Check each line of the entries below for the word "Shower", and copy the lines that have it.

Caption-style text data

= = = = = = =

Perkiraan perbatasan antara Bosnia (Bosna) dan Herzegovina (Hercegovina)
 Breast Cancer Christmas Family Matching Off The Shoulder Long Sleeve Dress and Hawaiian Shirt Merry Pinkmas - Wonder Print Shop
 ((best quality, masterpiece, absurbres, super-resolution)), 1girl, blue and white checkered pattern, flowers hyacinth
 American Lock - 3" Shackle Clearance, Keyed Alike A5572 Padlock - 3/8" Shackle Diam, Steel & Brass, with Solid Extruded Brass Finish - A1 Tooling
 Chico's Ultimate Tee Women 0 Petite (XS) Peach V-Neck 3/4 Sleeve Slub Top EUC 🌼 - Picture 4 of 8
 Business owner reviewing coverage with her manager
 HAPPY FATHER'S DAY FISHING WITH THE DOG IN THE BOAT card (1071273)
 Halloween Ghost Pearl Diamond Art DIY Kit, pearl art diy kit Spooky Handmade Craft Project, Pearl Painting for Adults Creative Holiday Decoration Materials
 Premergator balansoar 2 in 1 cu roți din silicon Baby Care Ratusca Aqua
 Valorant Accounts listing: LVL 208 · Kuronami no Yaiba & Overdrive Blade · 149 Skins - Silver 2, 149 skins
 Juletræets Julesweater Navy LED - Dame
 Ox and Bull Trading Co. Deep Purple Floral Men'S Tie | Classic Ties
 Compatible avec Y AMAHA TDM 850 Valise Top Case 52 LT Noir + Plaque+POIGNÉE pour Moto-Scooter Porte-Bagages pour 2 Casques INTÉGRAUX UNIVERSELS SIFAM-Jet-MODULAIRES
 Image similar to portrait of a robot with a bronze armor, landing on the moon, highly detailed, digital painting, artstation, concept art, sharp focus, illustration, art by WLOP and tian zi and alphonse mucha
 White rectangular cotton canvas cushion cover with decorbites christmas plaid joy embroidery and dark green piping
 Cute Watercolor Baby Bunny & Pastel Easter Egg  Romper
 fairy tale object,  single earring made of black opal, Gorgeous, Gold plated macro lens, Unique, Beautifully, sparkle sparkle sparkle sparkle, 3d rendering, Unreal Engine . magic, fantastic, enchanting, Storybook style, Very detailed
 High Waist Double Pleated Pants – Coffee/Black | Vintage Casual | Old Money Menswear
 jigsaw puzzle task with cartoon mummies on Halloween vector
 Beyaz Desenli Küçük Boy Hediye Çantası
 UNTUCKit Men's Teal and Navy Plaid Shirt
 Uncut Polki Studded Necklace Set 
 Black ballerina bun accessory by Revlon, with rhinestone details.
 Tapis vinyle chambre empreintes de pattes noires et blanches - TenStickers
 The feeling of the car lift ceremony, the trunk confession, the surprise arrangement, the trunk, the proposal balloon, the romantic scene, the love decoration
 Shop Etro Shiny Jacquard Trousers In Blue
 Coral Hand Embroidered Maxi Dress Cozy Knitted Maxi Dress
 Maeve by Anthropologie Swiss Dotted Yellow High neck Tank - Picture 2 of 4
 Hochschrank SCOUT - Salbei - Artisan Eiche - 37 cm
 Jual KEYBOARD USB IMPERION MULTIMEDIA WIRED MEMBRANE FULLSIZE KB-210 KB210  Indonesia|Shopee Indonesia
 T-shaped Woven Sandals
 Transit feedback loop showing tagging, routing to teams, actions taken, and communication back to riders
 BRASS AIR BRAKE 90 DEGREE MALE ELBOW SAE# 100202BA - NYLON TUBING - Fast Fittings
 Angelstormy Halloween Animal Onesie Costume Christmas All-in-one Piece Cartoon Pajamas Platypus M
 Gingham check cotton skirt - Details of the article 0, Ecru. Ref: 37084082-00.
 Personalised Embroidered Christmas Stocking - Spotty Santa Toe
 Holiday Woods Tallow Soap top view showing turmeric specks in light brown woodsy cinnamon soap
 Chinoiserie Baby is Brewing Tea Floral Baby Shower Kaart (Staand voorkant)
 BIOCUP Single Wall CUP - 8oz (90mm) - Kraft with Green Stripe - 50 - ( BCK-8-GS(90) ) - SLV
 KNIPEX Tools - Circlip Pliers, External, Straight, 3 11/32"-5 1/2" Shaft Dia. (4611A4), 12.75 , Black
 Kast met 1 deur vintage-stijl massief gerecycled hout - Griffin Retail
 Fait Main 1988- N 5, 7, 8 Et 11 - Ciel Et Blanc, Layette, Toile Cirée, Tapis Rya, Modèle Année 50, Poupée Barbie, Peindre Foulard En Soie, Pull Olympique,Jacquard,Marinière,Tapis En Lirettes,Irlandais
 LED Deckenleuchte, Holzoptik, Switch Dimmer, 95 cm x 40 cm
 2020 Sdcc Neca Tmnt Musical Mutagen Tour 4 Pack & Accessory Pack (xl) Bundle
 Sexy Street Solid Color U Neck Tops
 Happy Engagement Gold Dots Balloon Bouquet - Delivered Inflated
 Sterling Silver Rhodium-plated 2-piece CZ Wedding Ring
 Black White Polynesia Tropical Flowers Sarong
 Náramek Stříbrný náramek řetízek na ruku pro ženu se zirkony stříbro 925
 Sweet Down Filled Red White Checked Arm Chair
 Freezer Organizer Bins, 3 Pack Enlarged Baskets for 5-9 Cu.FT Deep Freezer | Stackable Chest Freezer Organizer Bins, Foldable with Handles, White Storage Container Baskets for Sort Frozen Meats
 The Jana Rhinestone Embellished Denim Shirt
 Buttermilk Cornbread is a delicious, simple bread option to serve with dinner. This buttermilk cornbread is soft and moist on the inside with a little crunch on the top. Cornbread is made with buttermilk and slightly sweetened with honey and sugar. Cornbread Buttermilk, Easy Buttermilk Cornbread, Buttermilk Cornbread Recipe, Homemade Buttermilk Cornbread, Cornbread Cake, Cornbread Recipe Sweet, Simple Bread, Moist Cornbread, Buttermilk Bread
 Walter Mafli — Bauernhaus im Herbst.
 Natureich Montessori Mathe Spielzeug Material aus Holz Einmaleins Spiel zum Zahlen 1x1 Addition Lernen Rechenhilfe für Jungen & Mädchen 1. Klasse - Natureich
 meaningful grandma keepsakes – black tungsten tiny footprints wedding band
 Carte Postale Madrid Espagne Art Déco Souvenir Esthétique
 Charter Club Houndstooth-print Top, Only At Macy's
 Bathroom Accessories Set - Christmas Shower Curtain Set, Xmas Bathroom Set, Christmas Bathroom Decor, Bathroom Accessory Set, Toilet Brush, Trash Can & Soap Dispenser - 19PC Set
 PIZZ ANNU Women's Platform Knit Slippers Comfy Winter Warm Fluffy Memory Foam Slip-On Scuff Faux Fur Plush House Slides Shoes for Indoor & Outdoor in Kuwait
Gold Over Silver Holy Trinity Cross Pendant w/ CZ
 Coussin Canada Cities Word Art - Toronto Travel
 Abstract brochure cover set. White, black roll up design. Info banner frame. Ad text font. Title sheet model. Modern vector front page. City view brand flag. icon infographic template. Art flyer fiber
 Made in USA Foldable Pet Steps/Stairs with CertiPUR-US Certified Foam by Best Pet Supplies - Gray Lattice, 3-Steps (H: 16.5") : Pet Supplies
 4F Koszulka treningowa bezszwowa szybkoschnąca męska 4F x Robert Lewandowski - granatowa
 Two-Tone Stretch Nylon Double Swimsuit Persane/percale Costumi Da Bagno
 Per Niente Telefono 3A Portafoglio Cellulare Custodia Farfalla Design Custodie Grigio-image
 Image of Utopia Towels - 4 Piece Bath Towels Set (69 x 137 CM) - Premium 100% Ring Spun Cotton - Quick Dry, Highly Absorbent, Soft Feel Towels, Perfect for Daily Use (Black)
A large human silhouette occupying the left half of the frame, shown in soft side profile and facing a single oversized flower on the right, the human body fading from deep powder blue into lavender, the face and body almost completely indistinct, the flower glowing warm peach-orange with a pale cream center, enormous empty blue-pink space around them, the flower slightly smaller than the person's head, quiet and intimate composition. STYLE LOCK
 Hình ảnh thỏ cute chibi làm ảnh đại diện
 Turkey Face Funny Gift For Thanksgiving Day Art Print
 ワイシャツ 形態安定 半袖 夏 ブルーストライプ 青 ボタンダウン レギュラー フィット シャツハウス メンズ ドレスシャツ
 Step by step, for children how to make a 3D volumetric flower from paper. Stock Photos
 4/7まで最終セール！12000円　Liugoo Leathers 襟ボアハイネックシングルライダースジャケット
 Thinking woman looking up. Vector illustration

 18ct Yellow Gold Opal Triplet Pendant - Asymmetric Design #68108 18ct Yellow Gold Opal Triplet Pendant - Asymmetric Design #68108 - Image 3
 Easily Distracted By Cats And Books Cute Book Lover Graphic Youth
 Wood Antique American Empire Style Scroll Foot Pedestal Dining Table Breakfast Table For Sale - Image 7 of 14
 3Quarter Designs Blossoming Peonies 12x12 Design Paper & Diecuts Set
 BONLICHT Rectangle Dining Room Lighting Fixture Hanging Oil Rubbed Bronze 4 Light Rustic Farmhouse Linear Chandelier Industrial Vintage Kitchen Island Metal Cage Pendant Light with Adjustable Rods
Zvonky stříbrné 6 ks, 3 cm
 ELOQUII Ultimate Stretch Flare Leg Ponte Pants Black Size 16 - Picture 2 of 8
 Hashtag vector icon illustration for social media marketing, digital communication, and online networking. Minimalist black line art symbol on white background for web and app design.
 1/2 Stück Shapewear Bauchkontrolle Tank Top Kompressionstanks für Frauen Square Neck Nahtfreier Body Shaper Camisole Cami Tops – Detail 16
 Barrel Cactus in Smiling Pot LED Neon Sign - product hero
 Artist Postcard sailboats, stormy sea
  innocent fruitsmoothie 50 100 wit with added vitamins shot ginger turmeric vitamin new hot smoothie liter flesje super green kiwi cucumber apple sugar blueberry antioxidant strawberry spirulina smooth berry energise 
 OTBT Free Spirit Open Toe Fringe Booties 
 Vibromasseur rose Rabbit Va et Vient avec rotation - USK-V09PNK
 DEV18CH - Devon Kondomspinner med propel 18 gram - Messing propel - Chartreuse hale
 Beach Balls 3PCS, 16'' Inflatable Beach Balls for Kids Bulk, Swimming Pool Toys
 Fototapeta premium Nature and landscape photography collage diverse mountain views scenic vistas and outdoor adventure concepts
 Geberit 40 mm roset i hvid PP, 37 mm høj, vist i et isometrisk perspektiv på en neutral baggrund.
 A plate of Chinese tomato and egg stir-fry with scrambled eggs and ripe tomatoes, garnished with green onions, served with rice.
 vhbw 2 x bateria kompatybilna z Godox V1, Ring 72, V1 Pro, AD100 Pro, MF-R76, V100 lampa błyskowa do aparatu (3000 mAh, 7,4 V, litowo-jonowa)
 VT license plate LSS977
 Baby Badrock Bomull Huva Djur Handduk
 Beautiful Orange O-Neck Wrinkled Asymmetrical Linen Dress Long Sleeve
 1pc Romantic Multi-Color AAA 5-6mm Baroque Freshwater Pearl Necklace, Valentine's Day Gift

= = = = = = =

■ Written solution ■
 Chinoiserie Baby is Brewing Tea Floral Baby Shower Kaart (Staand voorkant)
 Bathroom Accessories Set - Christmas Shower Curtain Set, Xmas Bathroom Set, Christmas Bathroom Decor, Bathroom Accessory Set, Toilet Brush, Trash Can & Soap Dispenser - 19PC Set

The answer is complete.